(Dementia Paralytica, GPI)

This disease occurs ten to fifteen years after the primary syphilitic infection although it may occur earlier. It is mostly seen in males. First symptom usually appears near about 50 years.


The anterior two-third of the cerebral cortex becomes atrophic. There may be compensatory hydrocephalus, glial proliferation, degeneration of neurons and lymphocytic infiltration. Spirochaete may be present.



Defect of emotional control is the earliest manifestation. The patient becomes moody, excitable and is easily moved by sense of sorrow. Change of personality is most striking. He gives up his old interests and adheres to new ones.Gradually progressive dementia of various types develops. There may be delusion of grandeur (grandiose form). Patient boasts of his physical power and wealth or social position but classical delusions of grandeur are uncommon now-a-days. In simple dementing type he gradually becomes forgetful, inattentive and careless to the surrounding, personal appearance and money. Depressive, agitated and maniacal symptoms may also develop. Ultimately patient becomes bed-ridden, incontinent and dirty.
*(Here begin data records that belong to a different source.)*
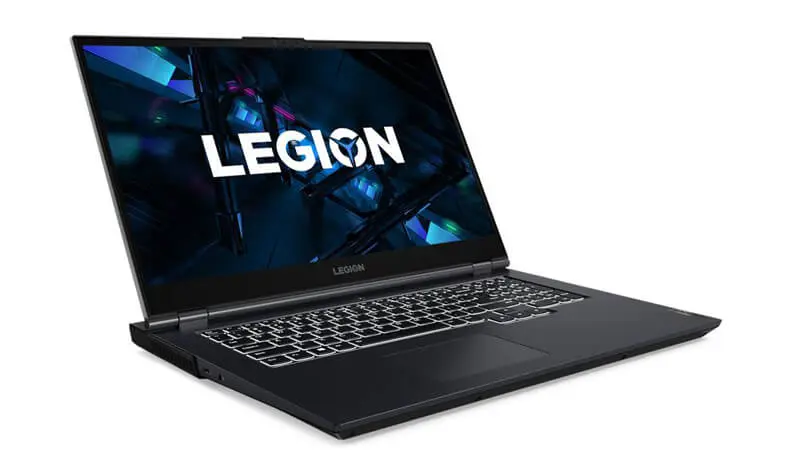 لپ‌تاپ لنوو Legion 5 15ITH6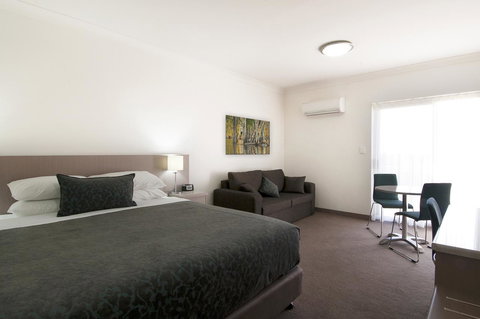 Loxton Community Hotel Motel - Accommodation Sydney 14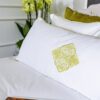 Long Pillow "Damask" - Image 2
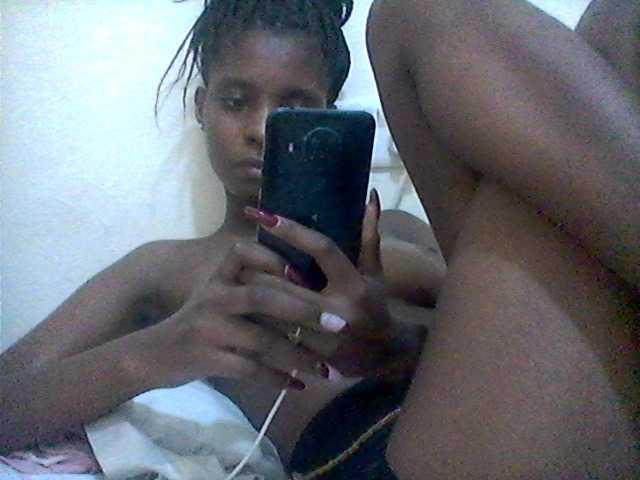 Ebonysly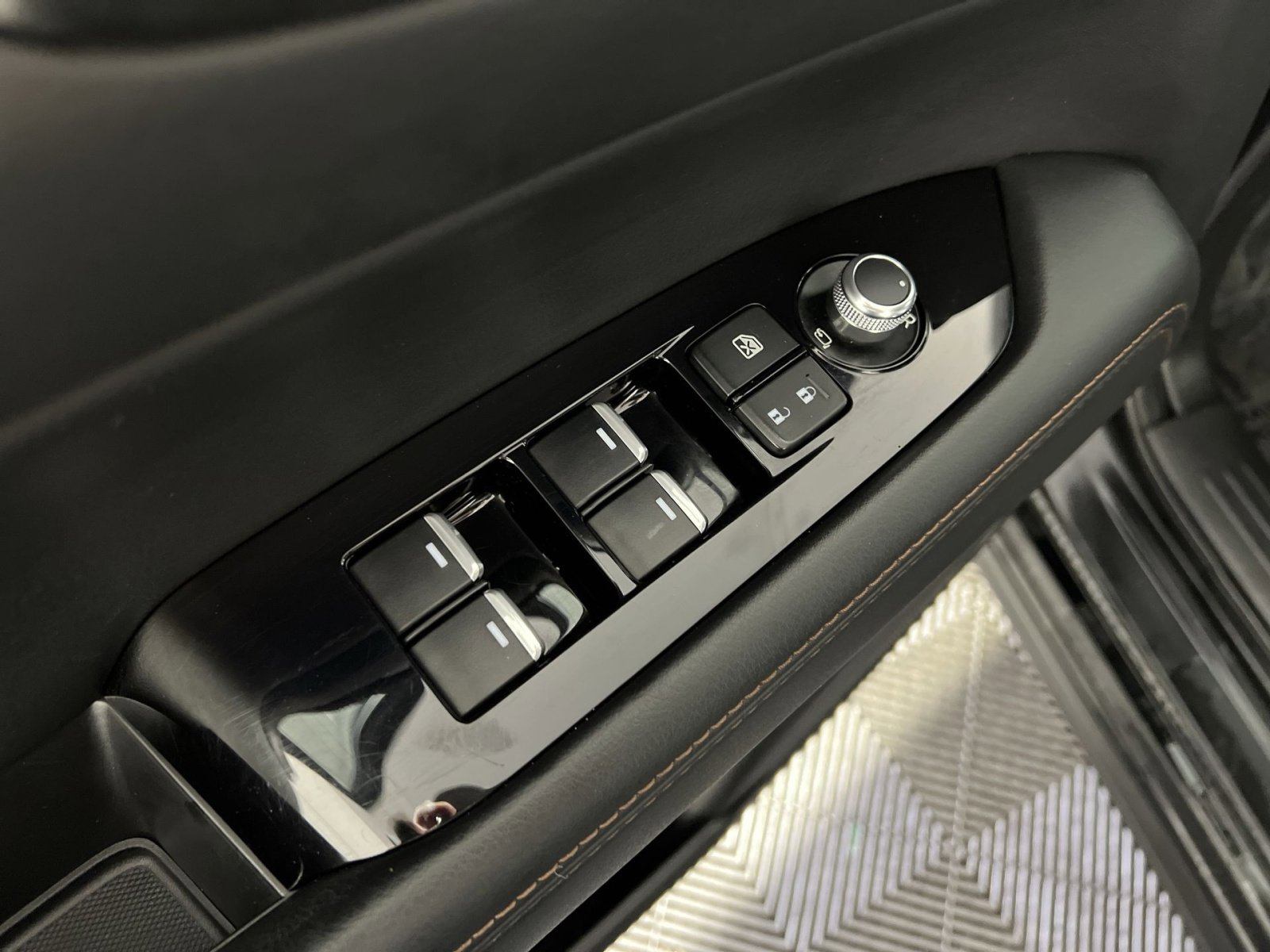 Used 2022 MAZDA CX-5 AWD 2.5 S w/ Premium Plus Pkg image 15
The first physical sign along with mental changes is fine tremor. This is very characteristic of this disease and consists of irregular fine wavy movements of lips, tongue and fingers. The typical tongue tremor consists of forward and backward movements of the organ which is called trombone tremor. Gradually tremor is so much pronounced that patient can neither speak nor write. Irregularity of articulation (dysarthria) is pronounced and a slurring or spastic speech develops. There may be difficulty in naming objects and echolalia may be seen.

Epileptiform convulsion occurs in about 50 per cent of cases, when the patient becomes unconscious and hemiparesis develops. Apart from transitory hemiplegia, aphasia, apraxia and hemianopia are also seen. This is called congestive attack of GPI.

Pupilary abnormalities are found even at an early stage and of the nature of Argyll-Robertson’s pupil though not in its complete form. Optic atophy may develop. Gradually signs of pyramidal mischief, e.g. extensor plantar response and exaggerated tendon jerks also develop. Incontinence of urine and faeces may be seen. In course of time patient becomes impotent. When GPI is associated with tabes, tendon reflexes may be lost and the condition is called Taboparesis.


Blood and CSF show positive VDRL test, in 100 per cent of cases. FTA-ABS Test is also positive. CSF in addition shows increased lymphocytes, increased protein particularly globulin. Lange’s colloidal gold test shows paretic curve.


This disease should be differentiated from cerebral tumour, cerebral meningovascular syphilis, cerebral arteriosclerosis, alcoholism, presenile and senile dementias.